__Your goal__
Could you restate word for word only the lines below from the one holding "Hi guys, welcome" to the one holding "Locomotion and movement.", inclusive, and leave out the pictures?

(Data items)
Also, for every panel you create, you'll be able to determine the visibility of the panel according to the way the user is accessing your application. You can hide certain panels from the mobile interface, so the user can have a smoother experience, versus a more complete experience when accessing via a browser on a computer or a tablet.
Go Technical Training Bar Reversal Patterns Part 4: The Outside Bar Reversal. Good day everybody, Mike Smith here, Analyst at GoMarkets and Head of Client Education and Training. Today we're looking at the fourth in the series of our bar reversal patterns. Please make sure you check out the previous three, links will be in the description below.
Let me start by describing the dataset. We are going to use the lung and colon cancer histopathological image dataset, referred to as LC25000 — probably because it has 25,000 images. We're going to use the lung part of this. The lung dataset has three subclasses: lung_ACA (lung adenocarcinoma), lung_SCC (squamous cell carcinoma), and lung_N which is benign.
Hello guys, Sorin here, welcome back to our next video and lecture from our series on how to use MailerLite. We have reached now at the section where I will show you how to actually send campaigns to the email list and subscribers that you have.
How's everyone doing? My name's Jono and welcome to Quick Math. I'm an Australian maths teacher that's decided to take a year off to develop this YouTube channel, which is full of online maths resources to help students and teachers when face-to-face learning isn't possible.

...

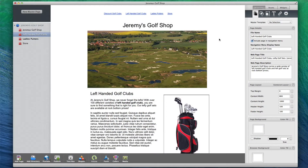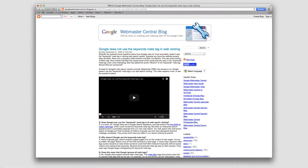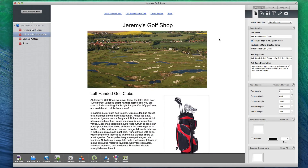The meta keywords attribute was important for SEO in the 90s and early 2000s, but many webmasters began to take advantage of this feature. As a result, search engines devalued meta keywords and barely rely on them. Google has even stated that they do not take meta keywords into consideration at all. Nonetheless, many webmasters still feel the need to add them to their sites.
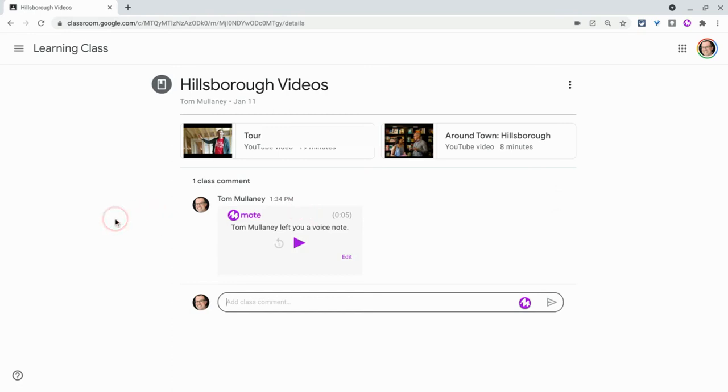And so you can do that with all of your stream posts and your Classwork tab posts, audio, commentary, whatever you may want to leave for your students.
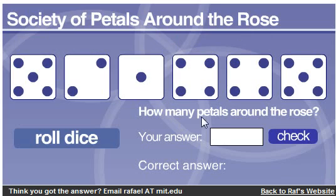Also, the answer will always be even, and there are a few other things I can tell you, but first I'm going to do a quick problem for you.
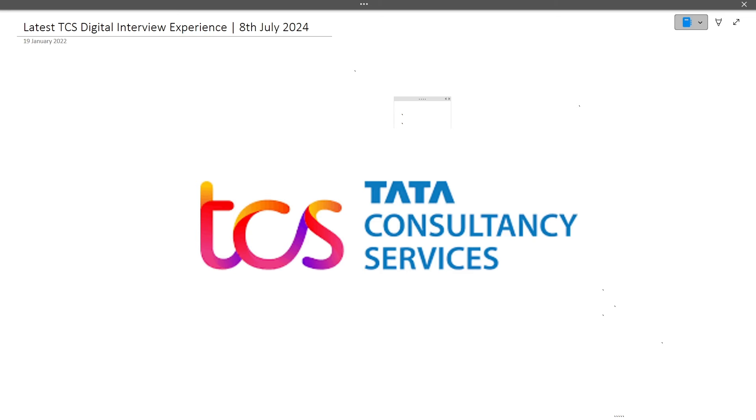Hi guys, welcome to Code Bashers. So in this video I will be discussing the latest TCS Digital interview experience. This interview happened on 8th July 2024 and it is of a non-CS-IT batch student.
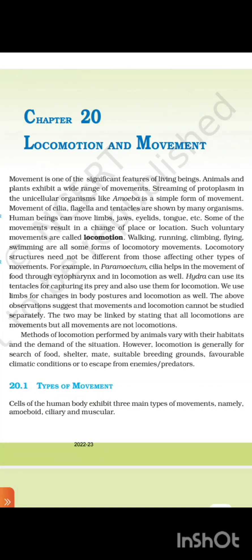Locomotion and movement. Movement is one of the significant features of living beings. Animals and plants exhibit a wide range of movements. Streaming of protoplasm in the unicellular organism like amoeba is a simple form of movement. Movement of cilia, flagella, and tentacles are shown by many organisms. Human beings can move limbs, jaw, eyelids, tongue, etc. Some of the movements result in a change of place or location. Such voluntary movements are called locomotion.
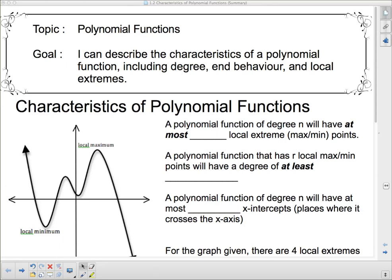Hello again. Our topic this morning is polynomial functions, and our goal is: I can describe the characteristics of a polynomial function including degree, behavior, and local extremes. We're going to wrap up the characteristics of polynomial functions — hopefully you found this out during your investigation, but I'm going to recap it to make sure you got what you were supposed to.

__Result__
Hi guys, welcome to Code Bashers. So in this video I will be discussing the latest TCS Digital interview experience. This interview happened on 8th July 2024 and it is of a non-CS-IT batch student.
Locomotion and movement. Movement is one of the significant features of living beings. Animals and plants exhibit a wide range of movements. Streaming of protoplasm in the unicellular organism like amoeba is a simple form of movement. Movement of cilia, flagella, and tentacles are shown by many organisms. Human beings can move limbs, jaw, eyelids, tongue, etc. Some of the movements result in a change of place or location. Such voluntary movements are called locomotion.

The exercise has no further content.